Während Martin Schlenger mit "PHÖNIX" seine Spurensuche und Formenrecherche weiter verfolgt, erspürt Volker Ullenboom mit seiner Arbeit "COSMOPONDENZEN" die Schwingungen Nordhalbens.



24.07.-29-07.2017 | Viktor Cleve und Alfred Schwarzien

"Nordhalben Porträts" So benennen die beiden Künstler aus Essen die Arbeiten ihrer Kunstwoche.

Während Viktor Cleve weiter an seiner Porträtserie der KERWA-Leut artbeitet, widmet sich Alfred Schwarzien dem Bahnhof und den Dorfansichten.



02.07.-09.07. 2017 | Dagmar Wolf und Bernd Engels

Mit einer abschließenden Vernissage zu ihrer Kunstwoche zeigen Dagmar Wolf und Bernd Engels ihre "Blicke in den Rückspiegel"

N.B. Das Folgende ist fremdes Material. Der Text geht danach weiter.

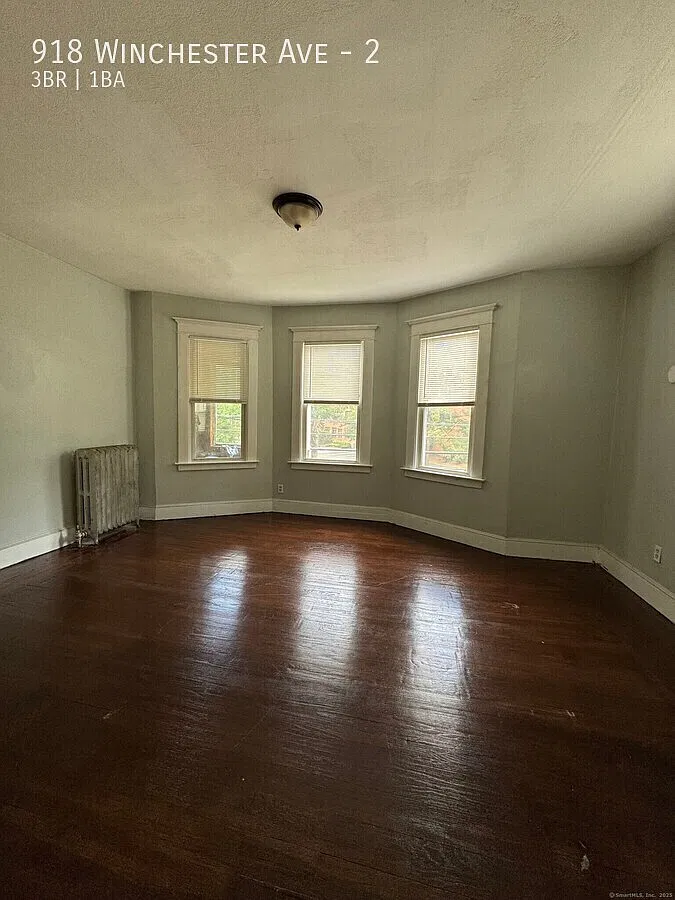 918 Winchester Ave - 2 — Photo 4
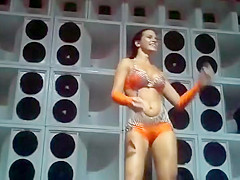 Stunning cameltoe on a dancing babe in spandex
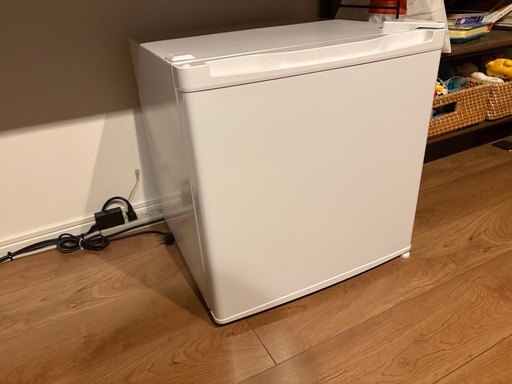 maxzen 1ドア冷凍庫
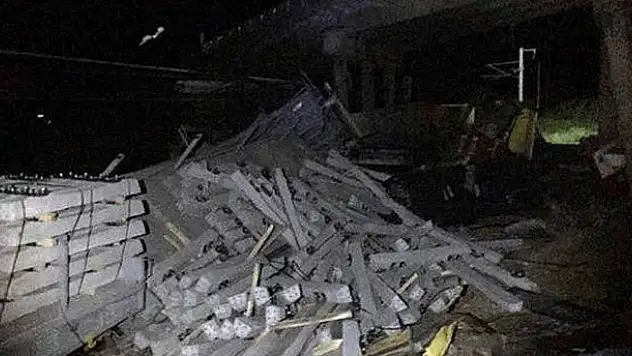 Sivas'ta 2 yük treni çarpıştı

10.06.-23.06.2017  |  Künstlerhaus in Nordhalben erhielt bemerkenswerte Fassade

In der dritten und vierten Juniwoche erhielt das Künstlerhaus sein endgültiges "Gesicht".

Der Essener Künstler Viktor Cleve schuf vor aller Augen ein Kunstwerk, das in seiner Einmaligkeit, Bewegtheit und Frische besticht.

 

Nachdem die beiden Farbakrobaten Albert und Klaus in gewohnter Stille und Gründlichkeit dem gesamten Haus ein neues Gewand angelegt hatten, war man mit dem wunderbaren Ergebnis eigentlich schon zufrieden. Der bestechend leuchtende Ton verleiht dem gesamten Straßenzug plötzlich neues Licht.

 

Wie erstaunt war der Betrachter dann, als die gelungene Arbeit plötzlich weiterging.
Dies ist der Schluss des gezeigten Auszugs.